Beyin göçünü önlemek ve tersine çevirmek için bir ülkede siyasal olarak yönetimin iyi olması gerekir. Halktan uzakta yaşayan, yolsuzluk yapan, bilime ve sanata değer vermeyen, milletin sorunlarına cevap veremeyen bir hükümet, beyin göçünün ana nedenlerinden biridir. Dolayısıyla hükümetin halk için çalışması ve ülkeyi kalkındıracak faaliyetlerde bulunması, o ülkenin yaşanılabilir bir yer olmasını sağlar ve beyin göçünü büyük oranda azaltır.
Bir ülke ne kadar gelişirse, kaynaklarını ve imkanlarını ne kadar arttırırsa göç eden kişilerin geri dönmesi için o kadar cazip bir yer haline gelir. Kısaca beyin göçünü tersine çevirmek ve önlemek için ülkenin siyasi, askeri ve ekonomik alanlarda iyileştirmeler yapması gerekir.
En Çok Beyin Göçü Veren Ülkeler Hangileridir?
En çok beyin göçü veren ülkeler; Hindistan, Pakistan, Cezayir, Fas, Tunus, İran, Mısır, Türkiye şeklinde sıralanabilir.

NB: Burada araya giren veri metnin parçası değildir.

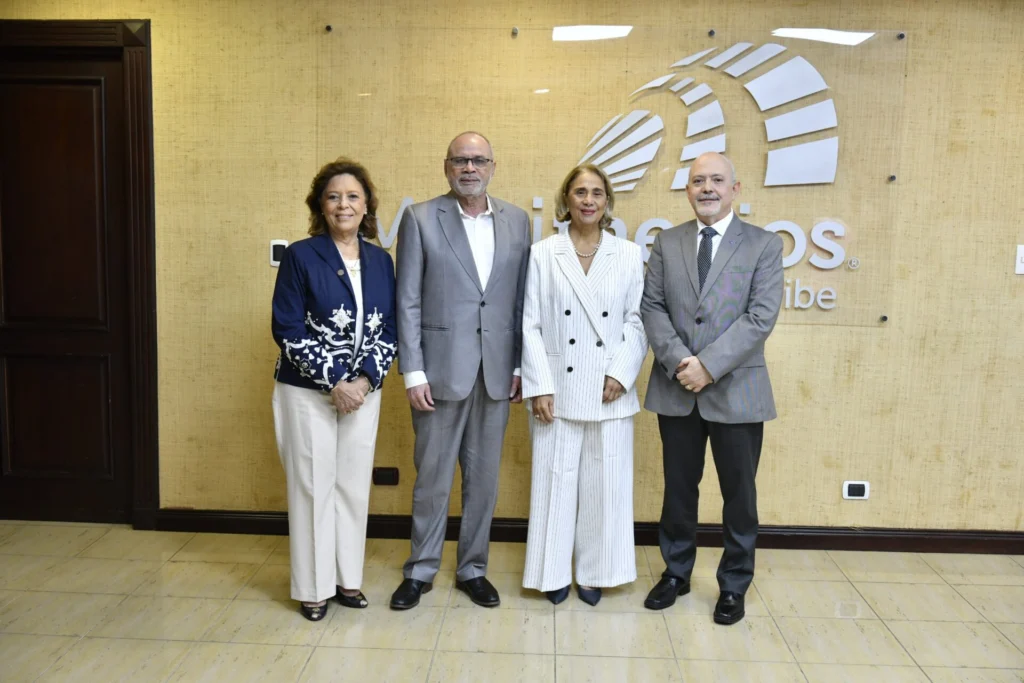 Víctor Pou, Dra. Emma Guzmán y Dra. Luisa González de Bogaert, representante del Instituto Dermatológico junto al director del Caribe Nelson Rodríguez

Türkiye’de beyin göçü son yıllarda liseden mezun olan öğrencilerle birlikte başlamaktadır. Liseye Giriş Sınavı’nda (LGS) ilk yüzde 1’lik dilime giren öğrencilerin yaklaşık %60’ı üniversite eğitimi için yurt dışına gitmeyi tercih ediyor. Göç daha çok Fransa, Almanya, Kanada ve ABD gibi gelişmiş ülkelere yapılıyor.
En Çok Beyin Göçü Alan Ülkeler Hangileridir?
En çok beyin göçü alan ülkeler; Kanada, ABD, Avustralya, Norveç ve İsveç olarak sıralanabilir.
En çok beyin göçü alan ülkeler daha çok günümüzün en gelişmiş ülkeleri olarak listelenebilir. Bu ülkelerde teknolojik imkanların yeterli olması, bilime ve sanata değer verilmesi, yaşam kalitesinin gelişmiş olması gibi birçok kriter, nitelikli ve eğitimli iş gücünün ilgisini çekmekte ve kendini gerçekleştirmek için bu ülkelere göç etmesini sağlamaktadır.